[Captioned web image data]
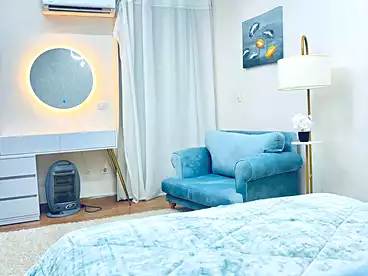 عقارات للإيجار في جنة 1، كمبوند بالشيخ زايد، 140 متر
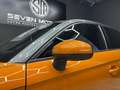 Audi A1 Sportback  S Line 1.6 TDi - 105CH - Suivi Complet - Garantie 12 Mois Inclus Orange - thumbnail 13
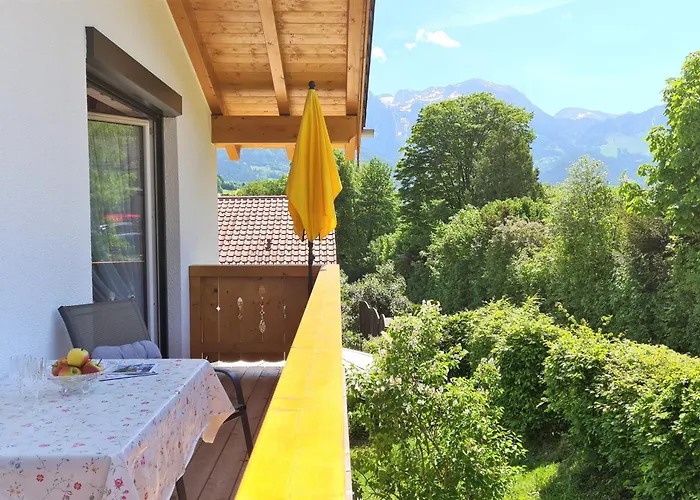 Am Boecklweiher Apartamento Bischofswiesen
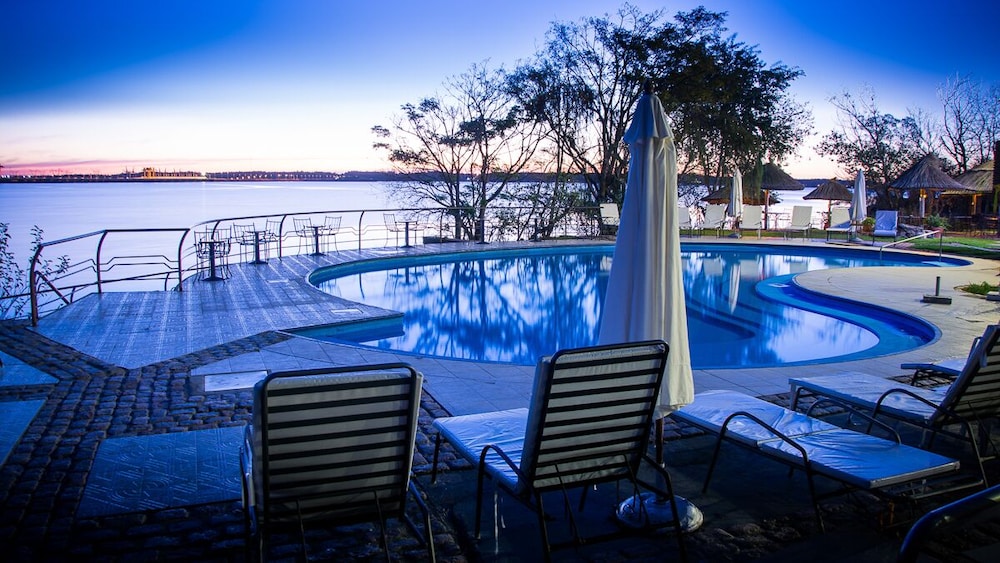 Horacio Quiroga Resort Termal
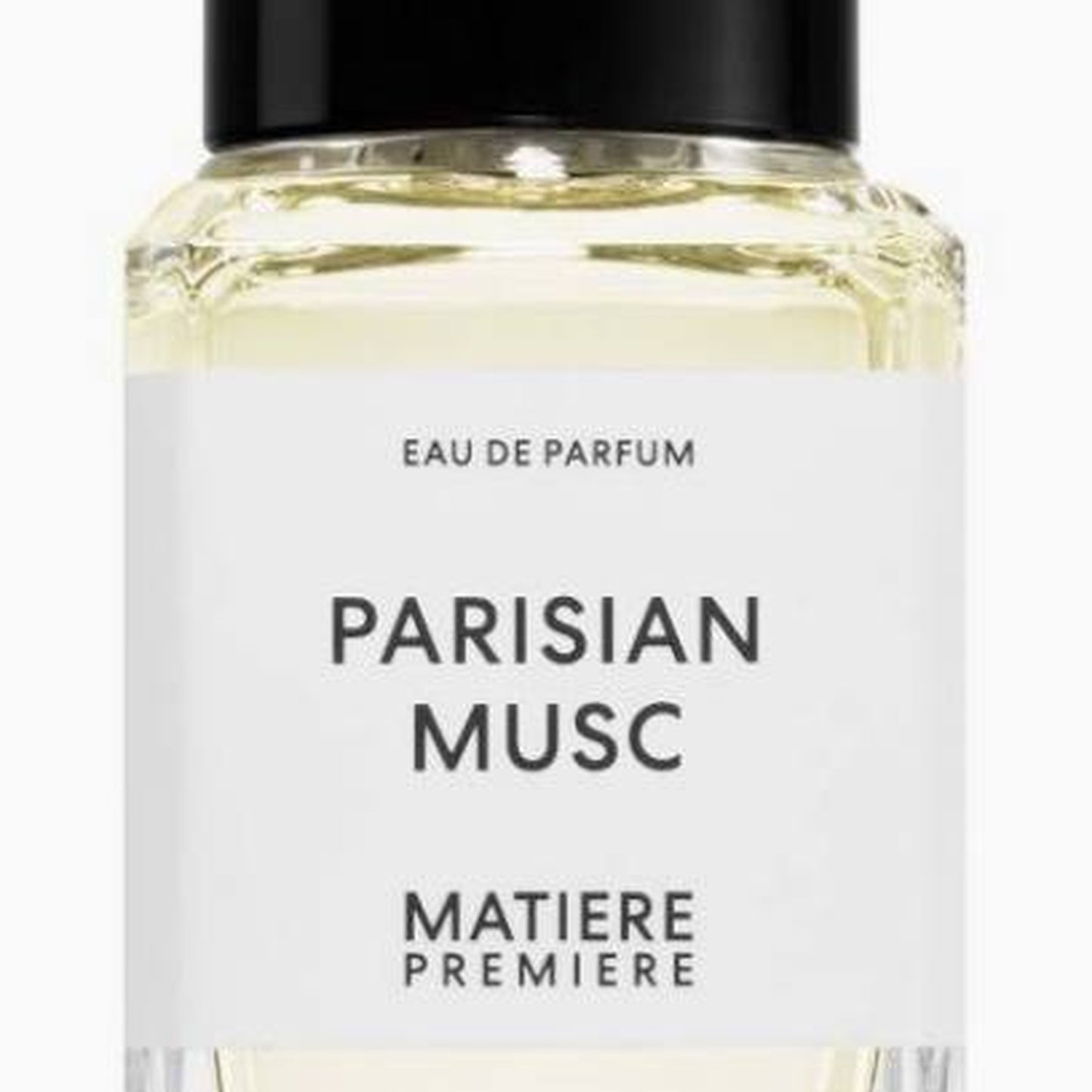 PARISIAN MUSC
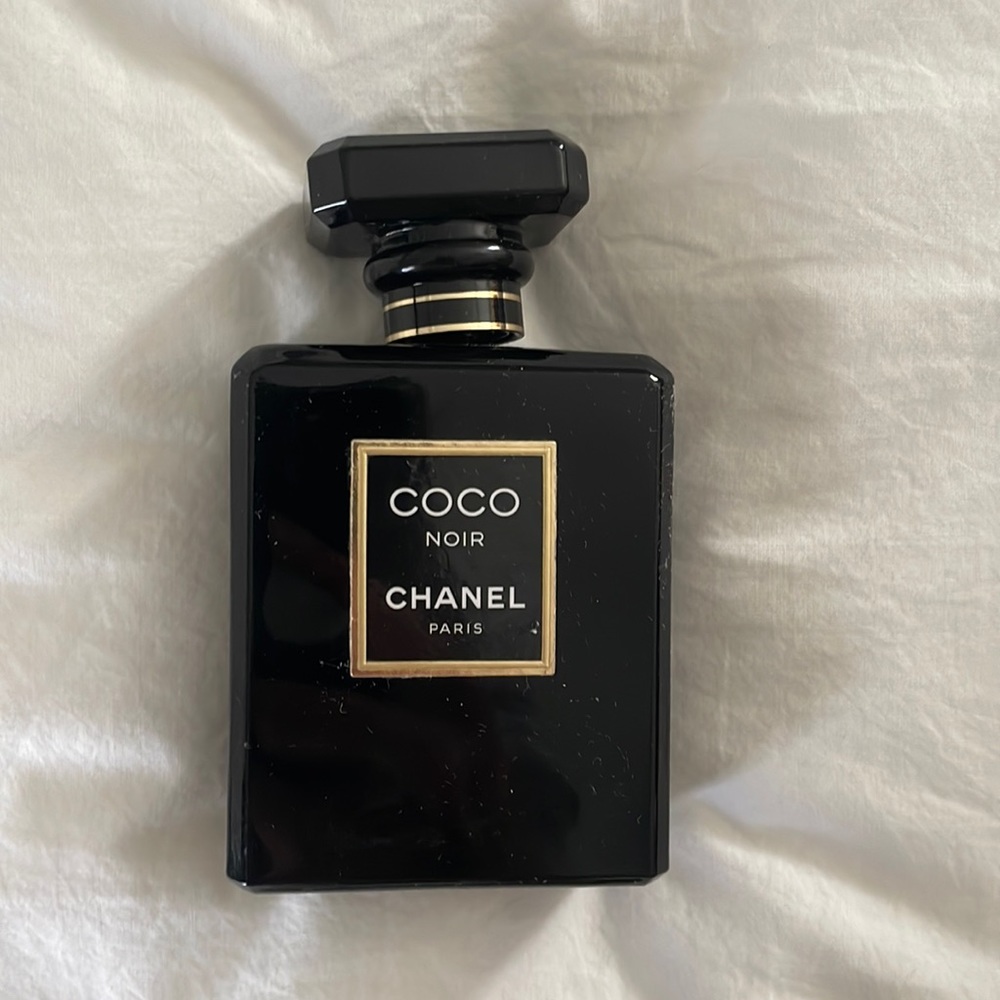 Chanel Coco Noir Perfume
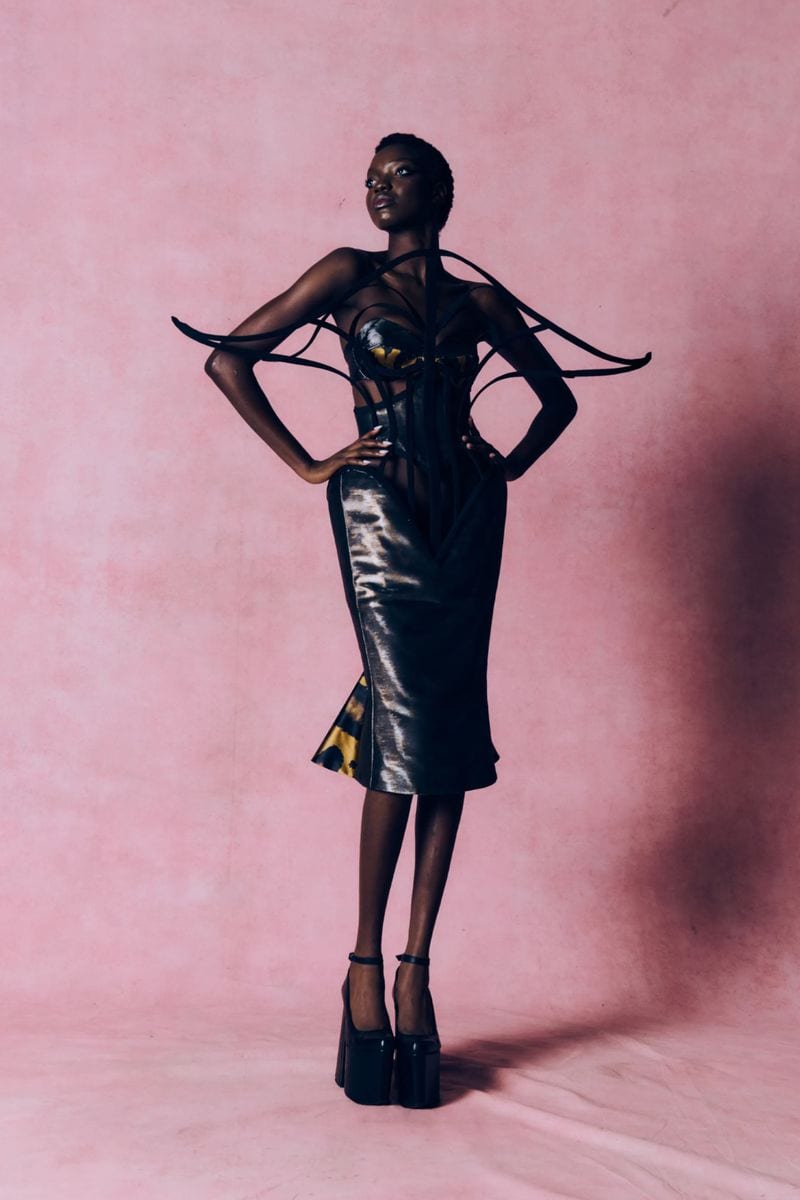 Ama Okolo — photo 11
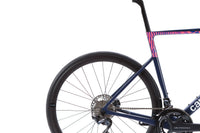 Cannondale SuperSix EVO Hi-MOD Shimano Ultegra Disc Road Bike 2021, Size 58cm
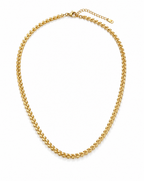 Collar Laurel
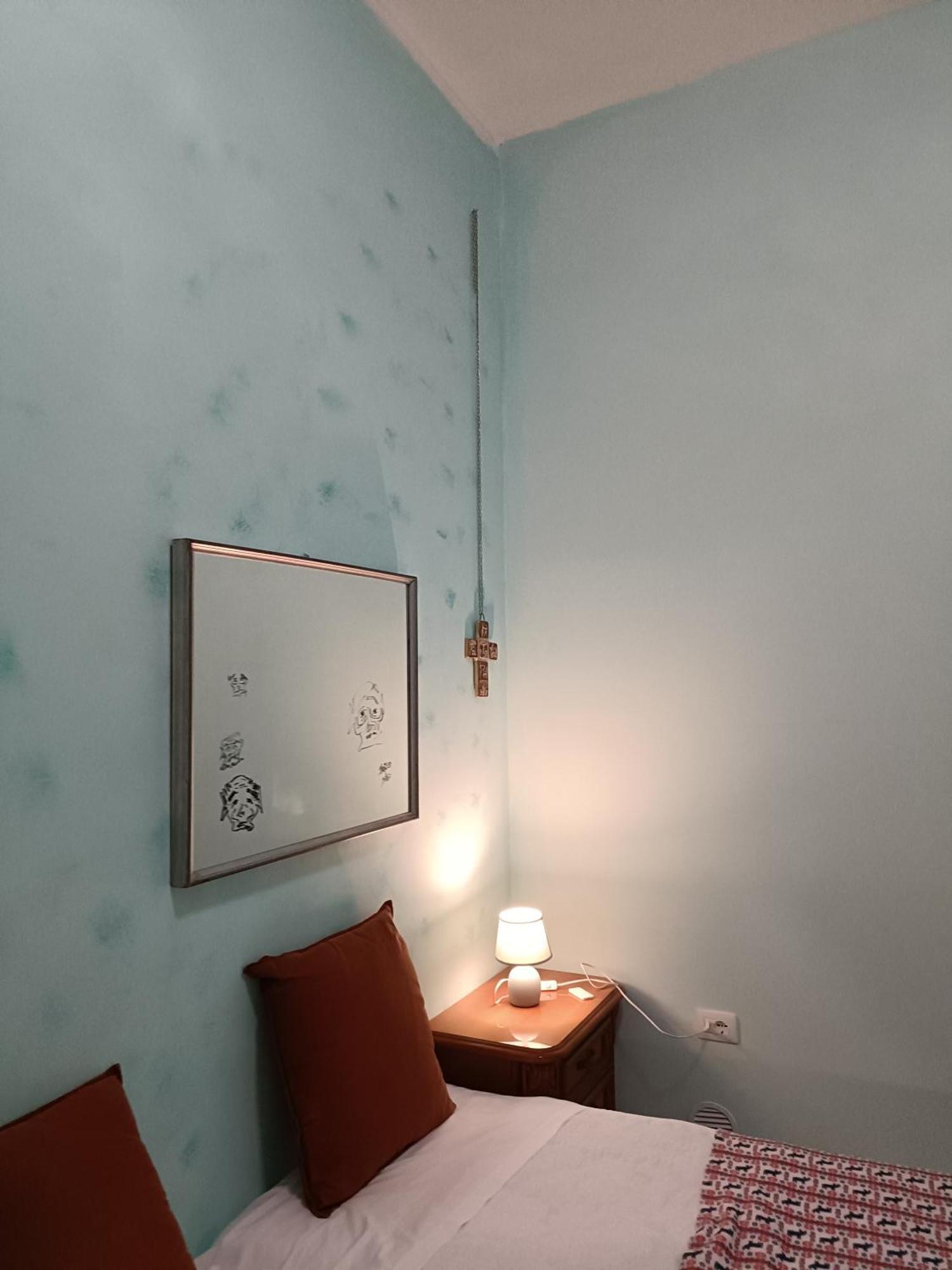 Ferienwohnung Mavipagi Verona Exterior foto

### The task:
Output the entries exactly as they appear, with no pictures included.

### Solution for this task:
 عقارات للإيجار في جنة 1، كمبوند بالشيخ زايد، 140 متر
 Audi A1 Sportback  S Line 1.6 TDi - 105CH - Suivi Complet - Garantie 12 Mois Inclus Orange - thumbnail 13
 Am Boecklweiher Apartamento Bischofswiesen
 Horacio Quiroga Resort Termal
 PARISIAN MUSC
 Chanel Coco Noir Perfume
 Ama Okolo — photo 11
 Cannondale SuperSix EVO Hi-MOD Shimano Ultegra Disc Road Bike 2021, Size 58cm
 Collar Laurel
 Ferienwohnung Mavipagi Verona Exterior foto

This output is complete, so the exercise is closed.